On either side vendors are seated on makeshift wooden stools selling carpets, shawls and other knitted goods.
Pedestrians squeeze past unfazed by the congestion. A young boy of school age herds some donkeys up the potholed road behind us and he smiles when our eyes meet.
We are in Addis Ababa’s Merkato, the largest outdoor market in Africa, a place where tens of thousands shop, sell and hustle on a daily basis, a place where everything from spices and foods to cooking pots and wooden doors are on offer at ridiculously low prices. A handcrafted bronze cross pendant, for instance, cost me less than $5. Dusty, smelly and noisy, it is, nevertheless, a compelling experience for any visitor to Ethiopia.
In the Amharic language Addis Ababa means “new flower” which invokes tranquil images seemingly at odds with the chaos I am experiencing. This city of 3.8 million is widely considered Africa’s capital. It is, after all, home to the headquarters of the 50-year-old African Union, and the United Nations has many of its African headquarters here, including the UN Economic Commission for Africa.
Addis, as it is commonly known, also has a captivating arts scene that blends African and Western sensibilities. The colourful works of Ethiopian painters, yet to be discovered by Western collectors, hang in venues such as the National Museum Gallery. But you can dine on Italian food and then buy a painting at the Makush Restaurant and Gallery. There is a hip music scene, too.
One evening I attended a brilliant outdoor jazz concert at the Alliance Ethio-Francaise. There were hundreds of music lovers there to see The Jazzmaris, a group comprised of an Ethiopian rhythm section and a pair of Germans on guitar and saxophone.
Back in the market, I decide to snap a few pictures. In every direction are streets filled with vendors. I walk downhill a few blocks and see two women selling spices from enormous canvas bags. They both cover their faces as I approach with my Nikon. On a previous visit to the Merkato I had been in the company of a guide and was able to take more pictures. Alone today I had the feeling that the camera is more of an intrusion. I walk back to the taxi and notice the gridlock is clearing and so I ask the driver to take me back to my hotel.

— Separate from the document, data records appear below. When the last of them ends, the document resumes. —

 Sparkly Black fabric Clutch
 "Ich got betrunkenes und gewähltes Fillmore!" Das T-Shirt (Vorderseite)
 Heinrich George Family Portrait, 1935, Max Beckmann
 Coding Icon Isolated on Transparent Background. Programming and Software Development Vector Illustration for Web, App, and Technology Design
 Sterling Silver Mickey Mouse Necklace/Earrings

While taxis are plentiful on the streets of Addis and especially around hotels, the locals rely upon “public taxis,” blue and white vans that constitute an affordable public transit system. Fraol, the concierge at The Kenenisa Hotel where I am staying, offers to take me up to the National Museum of Ethiopia in one the next day.

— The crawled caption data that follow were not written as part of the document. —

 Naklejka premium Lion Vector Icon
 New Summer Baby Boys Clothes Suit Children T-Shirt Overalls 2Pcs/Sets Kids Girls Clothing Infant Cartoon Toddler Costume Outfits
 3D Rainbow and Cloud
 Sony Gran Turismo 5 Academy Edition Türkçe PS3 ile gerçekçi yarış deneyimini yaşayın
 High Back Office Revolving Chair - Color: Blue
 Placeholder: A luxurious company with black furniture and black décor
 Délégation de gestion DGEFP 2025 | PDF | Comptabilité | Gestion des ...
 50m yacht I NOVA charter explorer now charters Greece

One of the beat-up Toyotas pulls up and Fraol ushers me into the front seat. By the puzzled looks from the other occupants it is clear that farenji or foreigners don’t often ride the “better way.” On the other hand, I’m not sure if I would make this trip without an Amharic speaking guide. Off we go down crowded, dusty side streets.
Eventually the taxi pulls up outside the National Museum. Among the treasures here are Emperor Haile Selassie’s throne, but the highlight is “Lucy” or rather, the remains of the 3.2-million year old Australopithecus — the apelike human ancestors — discovered in Ethiopia’s Afar region in 1974.

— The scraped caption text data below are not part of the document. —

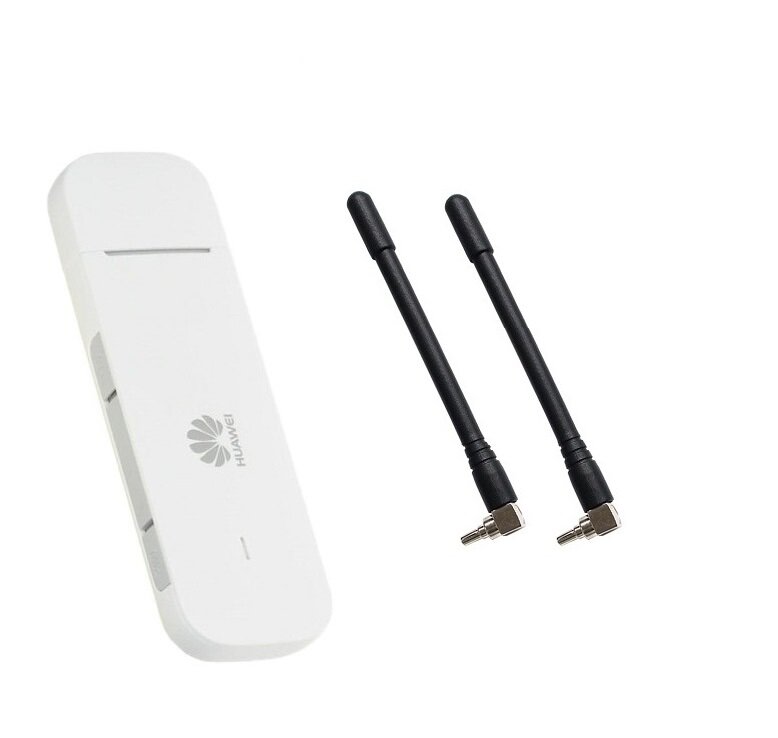 Huawei 3372h-607 USB 3G/4G LTE модем FixTTL, белый + две антенны 2dBi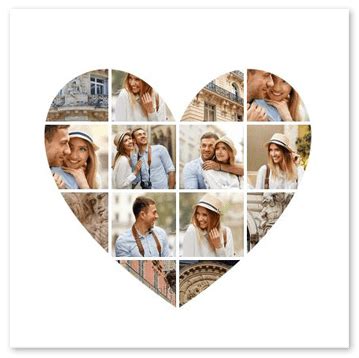 Heart Photo Collage With FREE Heart Shaped Templates Heart Photo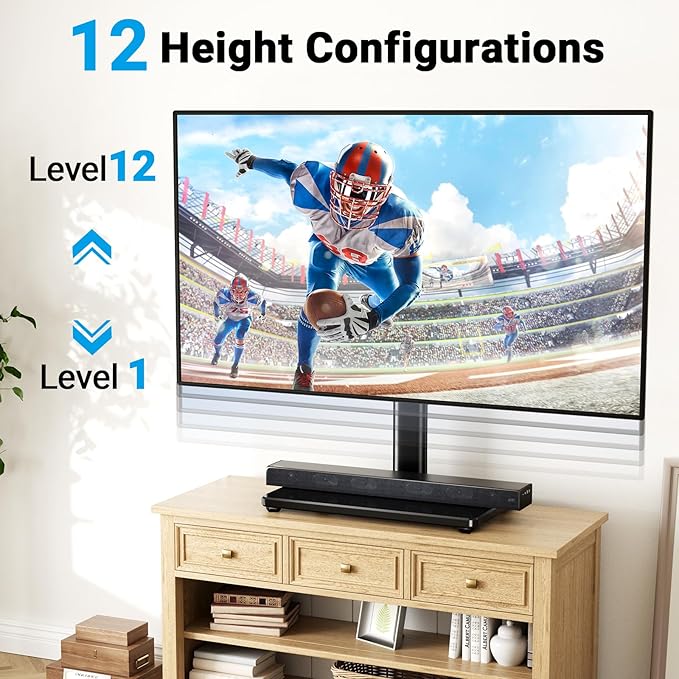 PERLESMITH Universal Swivel TV Stand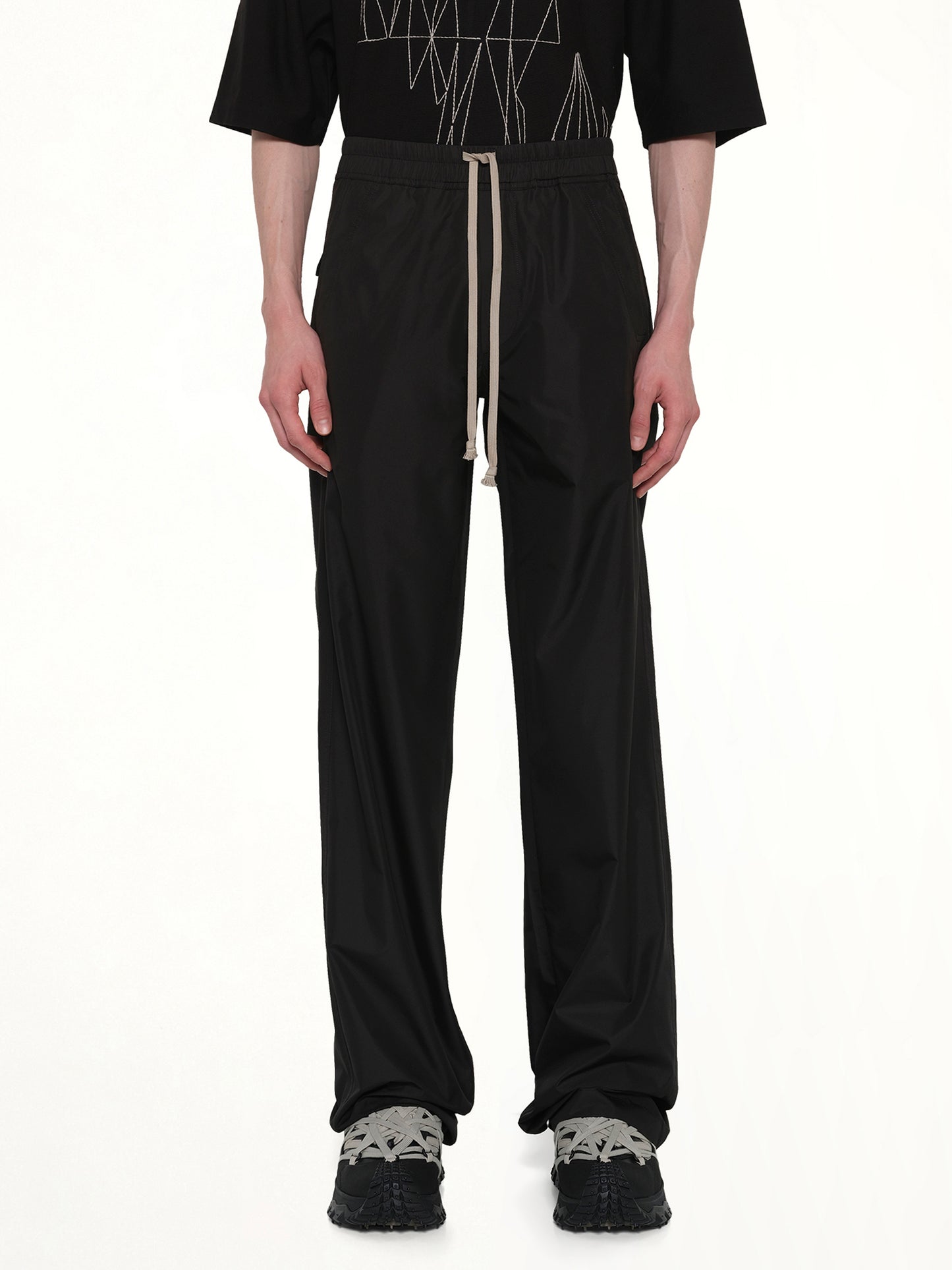 Rick Owens x Moncler Drawstring Pants in Black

After spending 10 minutes taking pictures from all angles I learn this is a replica and the original bones are downstairs preserved for scientific review only. How do you say “bloody idiot” in Amharic?
We hop another taxi over to the nearby Holy Trinity Cathedral where the Emperor Haile Selassie and his wife are entombed. No sooner have we entered the grounds than a “guide” spots us and offers to escort us about. Groups of schoolchildren in uniforms smile and try out their English. “Hey mister, give me money!” one says and they all laugh.
Although Ethiopia is peaceful these days it wasn’t always the case. Emperor Selassie ruled from 1930 until 1974 when political opponents led by Mengistu Haile Mariam seized power. Known as The Derg, Mengistu and his Soviet-supported comrades oversaw a period which has come to be called the Red Terror during which an estimated half a million people were rounded up and murdered.
The mood contrasted heavily with what I would experience one evening at a traditional Ethiopian restaurant called Yod Abyssinia. Here, smiling musicians and dancers in national costume perform age-old routines that look more like mating rituals. I turned to my Ethiopian friend Kenenisa Bekele joking “What sort of place have you taken us to?” He just grins.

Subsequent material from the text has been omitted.